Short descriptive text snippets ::
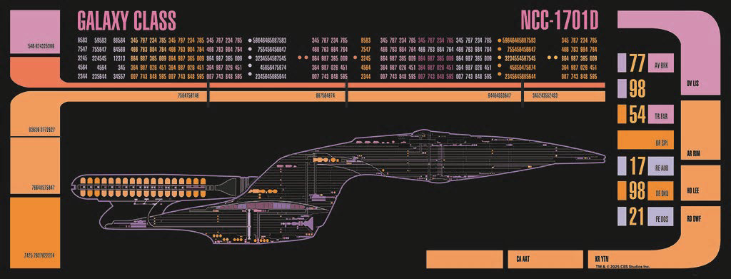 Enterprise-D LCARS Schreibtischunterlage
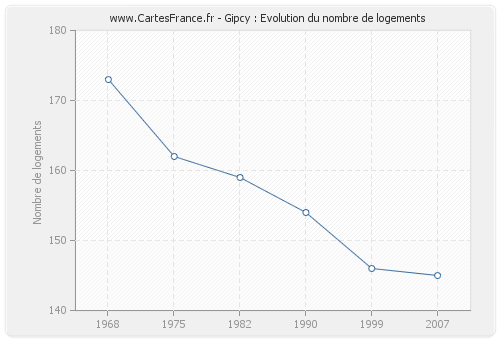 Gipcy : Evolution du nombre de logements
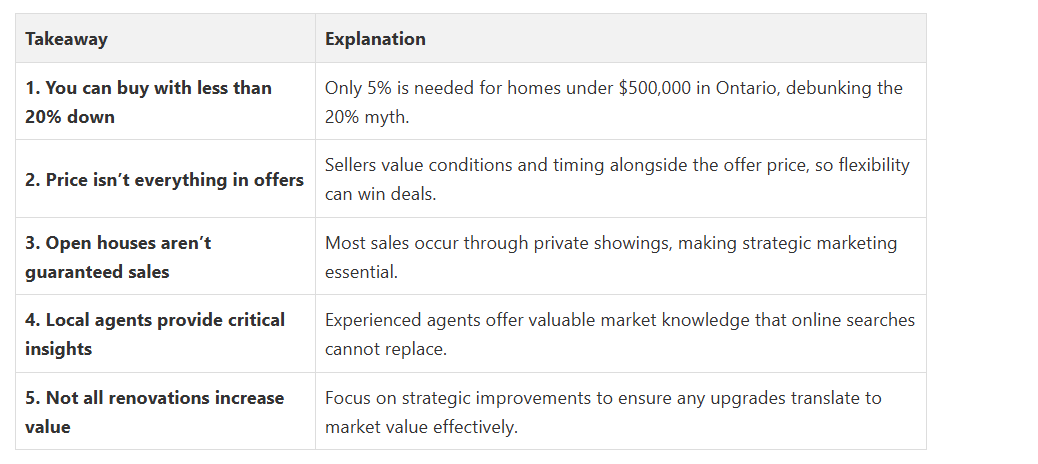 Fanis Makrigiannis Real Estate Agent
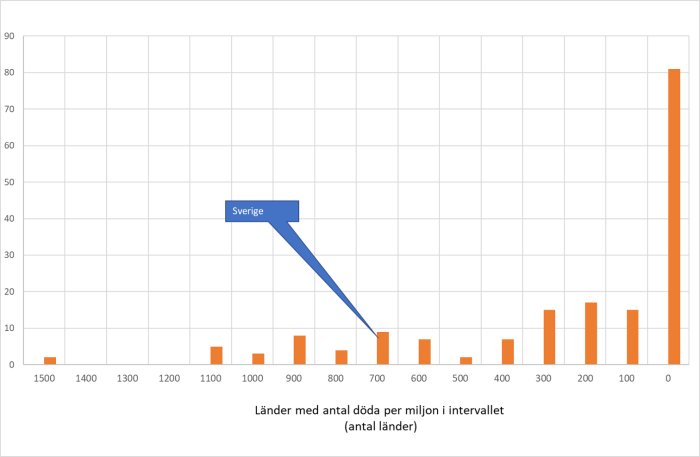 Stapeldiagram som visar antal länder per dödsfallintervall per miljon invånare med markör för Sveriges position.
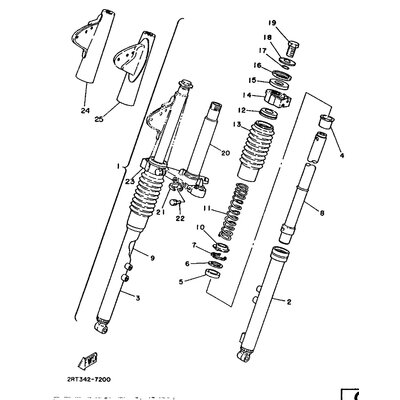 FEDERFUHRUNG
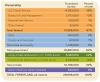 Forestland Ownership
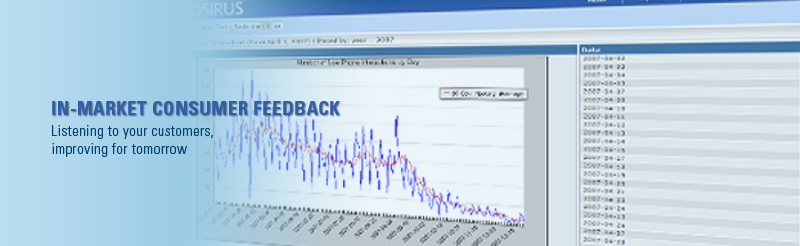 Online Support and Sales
* * *
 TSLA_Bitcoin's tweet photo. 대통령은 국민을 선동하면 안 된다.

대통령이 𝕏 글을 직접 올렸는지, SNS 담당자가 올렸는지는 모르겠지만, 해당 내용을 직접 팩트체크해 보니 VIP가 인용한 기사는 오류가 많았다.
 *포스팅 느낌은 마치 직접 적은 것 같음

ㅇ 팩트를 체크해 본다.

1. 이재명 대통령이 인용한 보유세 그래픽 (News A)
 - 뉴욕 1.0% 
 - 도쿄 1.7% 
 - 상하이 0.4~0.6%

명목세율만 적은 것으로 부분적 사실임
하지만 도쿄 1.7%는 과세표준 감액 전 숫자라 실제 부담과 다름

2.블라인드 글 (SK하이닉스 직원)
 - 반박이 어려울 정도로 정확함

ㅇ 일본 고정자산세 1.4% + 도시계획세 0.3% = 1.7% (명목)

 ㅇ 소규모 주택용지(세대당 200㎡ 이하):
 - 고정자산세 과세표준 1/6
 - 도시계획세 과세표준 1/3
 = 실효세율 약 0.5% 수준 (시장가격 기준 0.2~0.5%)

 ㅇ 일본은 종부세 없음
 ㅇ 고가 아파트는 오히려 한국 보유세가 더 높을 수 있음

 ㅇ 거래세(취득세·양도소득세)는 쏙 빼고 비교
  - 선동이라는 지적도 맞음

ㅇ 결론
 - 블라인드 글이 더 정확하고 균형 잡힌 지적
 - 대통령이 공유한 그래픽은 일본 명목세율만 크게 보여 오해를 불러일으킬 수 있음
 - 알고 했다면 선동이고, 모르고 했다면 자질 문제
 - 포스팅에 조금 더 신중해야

What is being asked ::
Only the lines above from the line containing "- 상하이 0.4~0.6%" through the line containing "- 포스팅에 조금 더 신중해야" should be retyped, exactly and with both ends included.

Expected output ::
 - 상하이 0.4~0.6%

명목세율만 적은 것으로 부분적 사실임
하지만 도쿄 1.7%는 과세표준 감액 전 숫자라 실제 부담과 다름

2.블라인드 글 (SK하이닉스 직원)
 - 반박이 어려울 정도로 정확함

ㅇ 일본 고정자산세 1.4% + 도시계획세 0.3% = 1.7% (명목)

 ㅇ 소규모 주택용지(세대당 200㎡ 이하):
 - 고정자산세 과세표준 1/6
 - 도시계획세 과세표준 1/3
 = 실효세율 약 0.5% 수준 (시장가격 기준 0.2~0.5%)

 ㅇ 일본은 종부세 없음
 ㅇ 고가 아파트는 오히려 한국 보유세가 더 높을 수 있음

 ㅇ 거래세(취득세·양도소득세)는 쏙 빼고 비교
  - 선동이라는 지적도 맞음

ㅇ 결론
 - 블라인드 글이 더 정확하고 균형 잡힌 지적
 - 대통령이 공유한 그래픽은 일본 명목세율만 크게 보여 오해를 불러일으킬 수 있음
 - 알고 했다면 선동이고, 모르고 했다면 자질 문제
 - 포스팅에 조금 더 신중해야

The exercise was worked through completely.